Le projet de loi visant à inscrire le polisario sur la liste américaine des organisations terroristes étrangères gagne du terrain au Congrès des États-Unis. L’initiative, portée par les représentants républicain Joe Wilson et démocrate Jimmy Panetta, a récemment reçu le soutien du démocrate texan Marc Veisey, portant à quatorze le nombre de parlementaires des deux partis alignés derrière le texte intitulé « Polisario Front Terrorist Designation Act » (H.R. 4119).
Cette dynamique bipartisane, qui s’étend de la Chambre des représentants au Sénat, traduit un changement d’approche à Washington. Le dossier du Sahara, longtemps traité sous un angle diplomatique, est désormais examiné sous le prisme des impératifs sécuritaires et des équilibres stratégiques en Afrique du Nord et au Sahel.
Un soutien croissant des deux côtés du Capitole
À la Chambre, le projet de loi a rallié des figures influentes comme Mario Diaz-Balart, Claudia Tenney, Elise Stefanik ou encore Maria Elvira Salazar, membre de la commission des affaires étrangères. Au Sénat, une initiative miroir a été déposée par les sénateurs Ted Cruz, Tom Cotton et Rick Scott, rejoints par le républicain David McCormick. Ce texte sénatorial est plus direct : il oblige le secrétaire d’État à activer la procédure de désignation terroriste si les connexions avec des entités iraniennes sous sanctions sont formellement établies.
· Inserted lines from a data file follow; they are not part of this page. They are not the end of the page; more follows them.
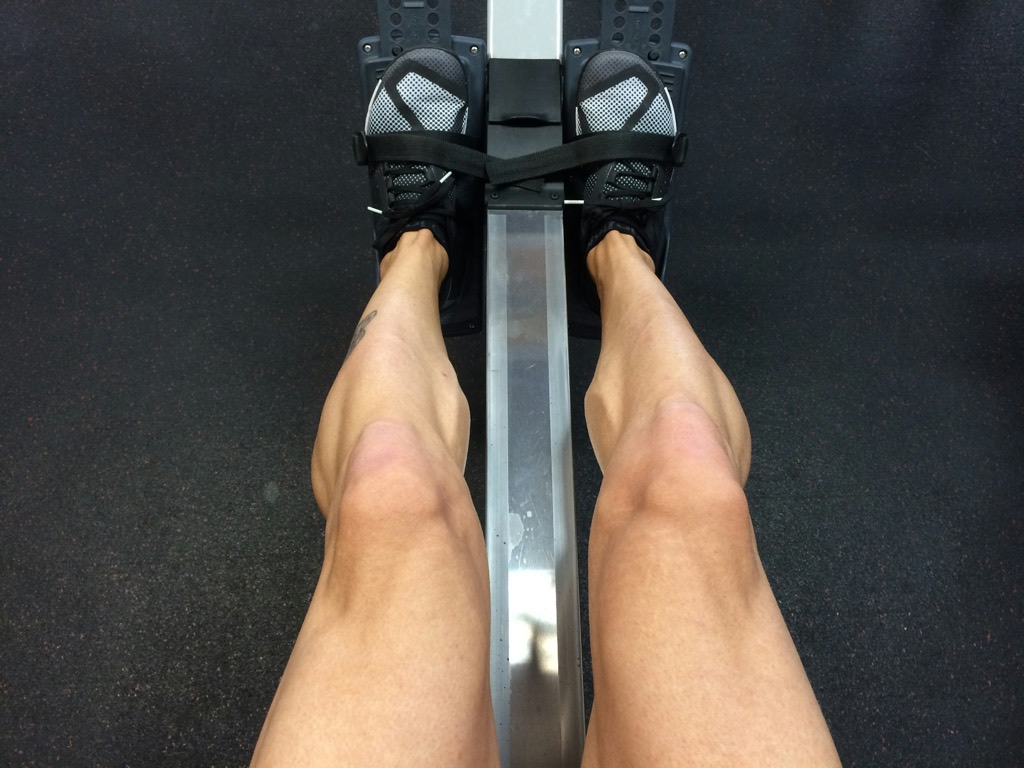 Looking down at your own legs on the erg, feet strapped into the footplate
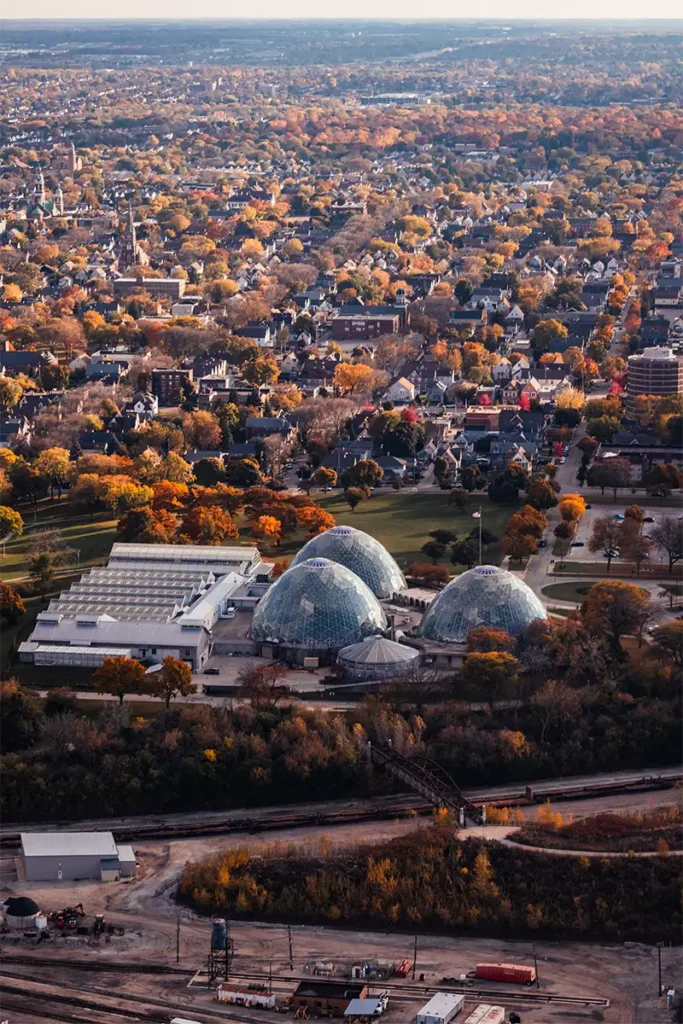 milwaukee mitchell park domes viewed from a helicopter at sunset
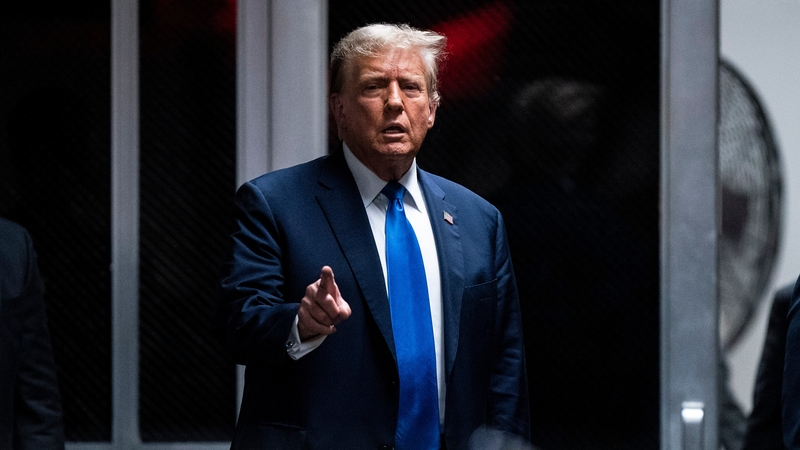 Former US President Donald Trump gestures while he returns to the courtroom for his trial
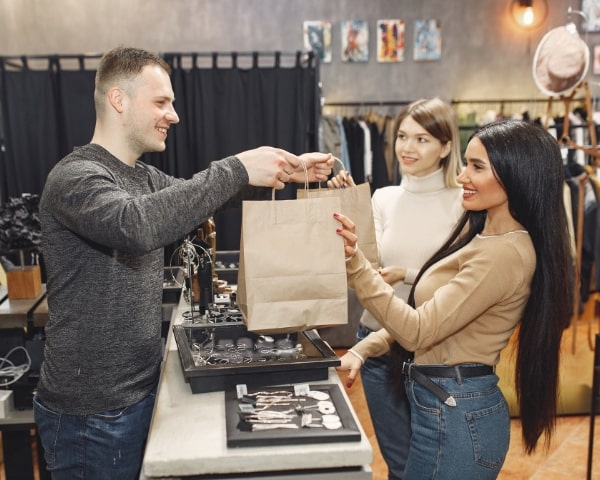 A happy customer receiving her bags.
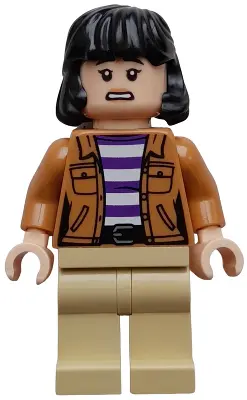 Yasmina 'Yaz' Fadoula - Medium Nougat Jacket over Dark Purple and White Striped Shirt, Tan Legs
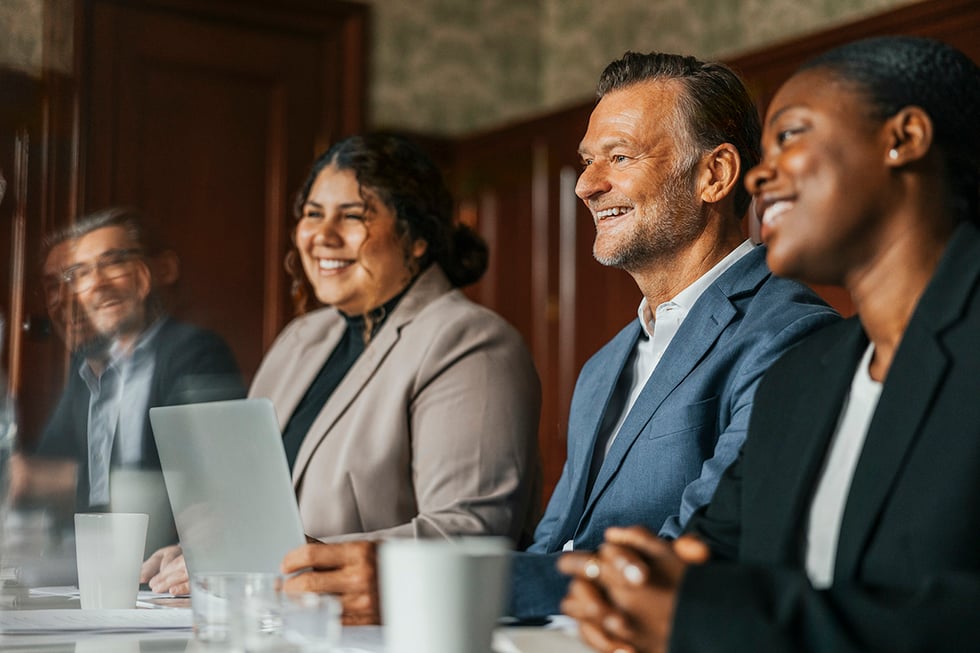 Office workers smiling during meeting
Lors d’auditions parlementaires consacrées à la sécurité au Maghreb, les promoteurs de cette démarche ont alerté sur le risque de voir le polisario s’installer comme un « proxy » régional au service d’agendas étrangers. Le statut du mouvement séparatiste fait désormais l’objet d’une surveillance accrue et coordonnée des deux côtés du Capitole.
Connexions suspectes avec l’Iran et le Hezbollah
La note explicative du H.R. 4119 repose sur un faisceau de rapports sécuritaires documentant les liaisons dangereuses du polisario avec des acteurs déstabilisateurs, notamment l’Iran. Le document législatif évoque des antécédents de coopération remontant aux années 1980, mais s’appuie surtout sur des faits plus récents. Sont pointés du doigt l’infiltration d’éléments du Hezbollah libanais dans les camps de Tindouf, des données techniques sur des formations liées à l’utilisation de drones de fabrication iranienne, ainsi que des activités suspectes menées en collaboration avec des membres du Parti des travailleurs du Kurdistan (PKK).
Sur le plan opérationnel, le H.R. 4119 n’enclenche pas une désignation automatique, mais impose un processus d’évaluation contraignant à l’administration américaine. Dès son entrée en vigueur, le secrétaire d’État disposera de 180 jours pour soumettre un rapport exhaustif détaillant la structure de commandement du polisario, ses opérations militaires, ses sources de financement et ses alliances extérieures. En parallèle, les départements d’État et du Trésor devront livrer sous 90 jours leurs conclusions sur l’éligibilité juridique du front au statut d’organisation terroriste, ouvrant la voie à des sanctions financières et à des gels d’avoirs au titre de la loi globale Magnitsky.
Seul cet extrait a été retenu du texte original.